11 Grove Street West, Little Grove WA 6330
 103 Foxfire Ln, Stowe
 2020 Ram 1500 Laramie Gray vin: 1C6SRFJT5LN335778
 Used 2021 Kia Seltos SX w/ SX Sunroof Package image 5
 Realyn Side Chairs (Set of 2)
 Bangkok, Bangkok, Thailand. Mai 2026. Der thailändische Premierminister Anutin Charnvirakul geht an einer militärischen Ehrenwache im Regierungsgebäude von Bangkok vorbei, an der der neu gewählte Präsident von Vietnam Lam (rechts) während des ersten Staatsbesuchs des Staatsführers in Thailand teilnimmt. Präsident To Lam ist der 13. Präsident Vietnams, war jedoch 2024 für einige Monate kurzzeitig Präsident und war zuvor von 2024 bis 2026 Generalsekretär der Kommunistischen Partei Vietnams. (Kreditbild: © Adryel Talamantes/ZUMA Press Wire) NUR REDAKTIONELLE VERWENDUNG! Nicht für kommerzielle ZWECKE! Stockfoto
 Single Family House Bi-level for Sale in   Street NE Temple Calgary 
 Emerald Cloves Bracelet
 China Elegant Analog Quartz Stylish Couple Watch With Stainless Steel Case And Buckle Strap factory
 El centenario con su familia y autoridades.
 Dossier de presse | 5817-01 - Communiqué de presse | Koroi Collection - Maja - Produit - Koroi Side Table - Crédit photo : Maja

• **About this exercise**
Please restate the records in full, word for word.

• **Answer**
11 Grove Street West, Little Grove WA 6330
 103 Foxfire Ln, Stowe
 2020 Ram 1500 Laramie Gray vin: 1C6SRFJT5LN335778
 Used 2021 Kia Seltos SX w/ SX Sunroof Package image 5
 Realyn Side Chairs (Set of 2)
 Bangkok, Bangkok, Thailand. Mai 2026. Der thailändische Premierminister Anutin Charnvirakul geht an einer militärischen Ehrenwache im Regierungsgebäude von Bangkok vorbei, an der der neu gewählte Präsident von Vietnam Lam (rechts) während des ersten Staatsbesuchs des Staatsführers in Thailand teilnimmt. Präsident To Lam ist der 13. Präsident Vietnams, war jedoch 2024 für einige Monate kurzzeitig Präsident und war zuvor von 2024 bis 2026 Generalsekretär der Kommunistischen Partei Vietnams. (Kreditbild: © Adryel Talamantes/ZUMA Press Wire) NUR REDAKTIONELLE VERWENDUNG! Nicht für kommerzielle ZWECKE! Stockfoto
 Single Family House Bi-level for Sale in   Street NE Temple Calgary 
 Emerald Cloves Bracelet
 China Elegant Analog Quartz Stylish Couple Watch With Stainless Steel Case And Buckle Strap factory
 El centenario con su familia y autoridades.
 Dossier de presse | 5817-01 - Communiqué de presse | Koroi Collection - Maja - Produit - Koroi Side Table - Crédit photo : Maja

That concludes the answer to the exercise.